As I've said before, that argument doesn't fly.
And uh, that last statement isn't "patriotic" or "flag waving", not is it a strawman.
It certainly is. It's a strawman (and an ad hominem).
It's "patriotic" and "flag waving", because you use the same rhetoric and the same argument, that if one is a bit worried about the potential of abuse of something like this, all of sudden one is declared one of the "tin-foil"-crowd, because one must apparently be one of them if one doesn't trust big corporations and a cheating, lying government with information such as that.
It reminds me too much of the flag waving "patriots" when Iraq began. You know, the ones that trusted the government on everything, including the WMD, and if people asked for proof, they too were tin-foil hat wearing idjits.
Any financial institution globally "could" be (and, frankly, <i>is</i>, by necessity) "tracking" your transactions.
Yes, they are. And many are selling the information as well. The thing is, that this has the potntial to go much, much further. And it's not just transactions, it's has the potntial to place you physically at any given time.
And since that is my worry, not whether I say, am logged as "phone-number xxxx is listening to that channel", but actually surveil me, I'm worried. You pretending I'm saying I have some against any form of logging, any form of "file" is indeed a strawman, as I never said any such thing.
It's all about the trust relationship the consumer has with the provider of a product or service.
Yes it is. And as I have stated, I don't trust _anyone_ to have access to my exact position (over time).
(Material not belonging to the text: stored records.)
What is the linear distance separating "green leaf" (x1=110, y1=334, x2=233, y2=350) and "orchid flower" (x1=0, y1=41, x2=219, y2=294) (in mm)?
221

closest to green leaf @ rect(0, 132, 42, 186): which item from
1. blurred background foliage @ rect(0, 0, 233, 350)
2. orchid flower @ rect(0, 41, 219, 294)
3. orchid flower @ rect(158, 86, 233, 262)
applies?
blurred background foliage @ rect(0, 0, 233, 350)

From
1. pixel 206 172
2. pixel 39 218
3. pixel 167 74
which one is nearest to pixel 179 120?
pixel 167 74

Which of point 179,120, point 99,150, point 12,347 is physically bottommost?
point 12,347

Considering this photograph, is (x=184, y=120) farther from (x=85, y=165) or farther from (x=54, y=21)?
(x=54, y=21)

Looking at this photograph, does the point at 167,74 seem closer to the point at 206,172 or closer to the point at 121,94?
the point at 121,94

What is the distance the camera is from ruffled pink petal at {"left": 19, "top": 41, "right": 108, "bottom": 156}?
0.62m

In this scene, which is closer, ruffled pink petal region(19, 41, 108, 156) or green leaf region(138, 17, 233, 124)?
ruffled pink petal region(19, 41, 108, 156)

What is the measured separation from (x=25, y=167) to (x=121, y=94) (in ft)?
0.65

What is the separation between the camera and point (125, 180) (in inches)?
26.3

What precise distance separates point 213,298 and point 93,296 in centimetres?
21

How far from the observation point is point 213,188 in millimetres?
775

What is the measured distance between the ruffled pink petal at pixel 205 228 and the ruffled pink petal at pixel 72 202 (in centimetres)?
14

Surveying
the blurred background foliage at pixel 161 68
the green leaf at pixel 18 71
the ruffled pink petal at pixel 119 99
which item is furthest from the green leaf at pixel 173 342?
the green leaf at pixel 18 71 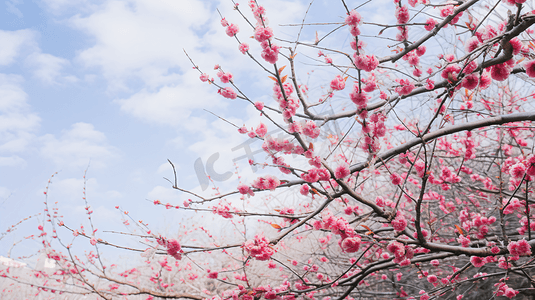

You let your financial institution (credit/debit card provider or equivalent, etc.) "track" your activity, in exchange for the convenience of the services.
Yes, but as I have pointed out, you're making a strawman.
I'm not letting my bank know my physical whereabouts, nor would I allow my bank to even ask what I do on, say, weekends. A future employer aren't even allowed to ask those questions by law.
Of course, "track" is a loaded word here. It's logged because it has to be.
Yes, at first. For the session? I could live with that. For five years? Never.
We don't know whether AOL is logging location information, because the application hasn't even shipped yet, and we have no access to any privacy statement, nor do we even know if there will be one. Yet you seem to be jumping to the worst possible conclusions. This doesn't have anything to do with the US.
No, I'm not jumping to the worst possible conclusions. I am stating that it's worrying broadcasting your GPS-location if it's logged. Then some of you americans jump all over me, stating there is no such problems, and that "we" are surveilled all the time, stating that surveillance is fine, just as long as you get something for it. Arguing that every handset and provider log your gps-position and on and on. And you wonder, why I say something about the patriotic acts and the US?
I know it's fashionable to despise the US these days. I hold no ill will toward Europe or Europeans, but you might want to
reconsider how horrid the US is on balance.
Funny you should mention that. Look at their front page right now. This is their top story:
http://www.iht.com/articles/2008/06/14/america/gitmo.php
Way to somehow turn it into a US issue, when globally, hundreds of various brands of handsets on numerous carriers have some type of location functionality, from tower triangulation to GPS/A-GPS.
I'm pretty sure you cannot triangulate after the fact.
Secondly, at least in this country, the police will have to have a warrant to even begin persuading the phone companies. Oh, and they have to pay for it too.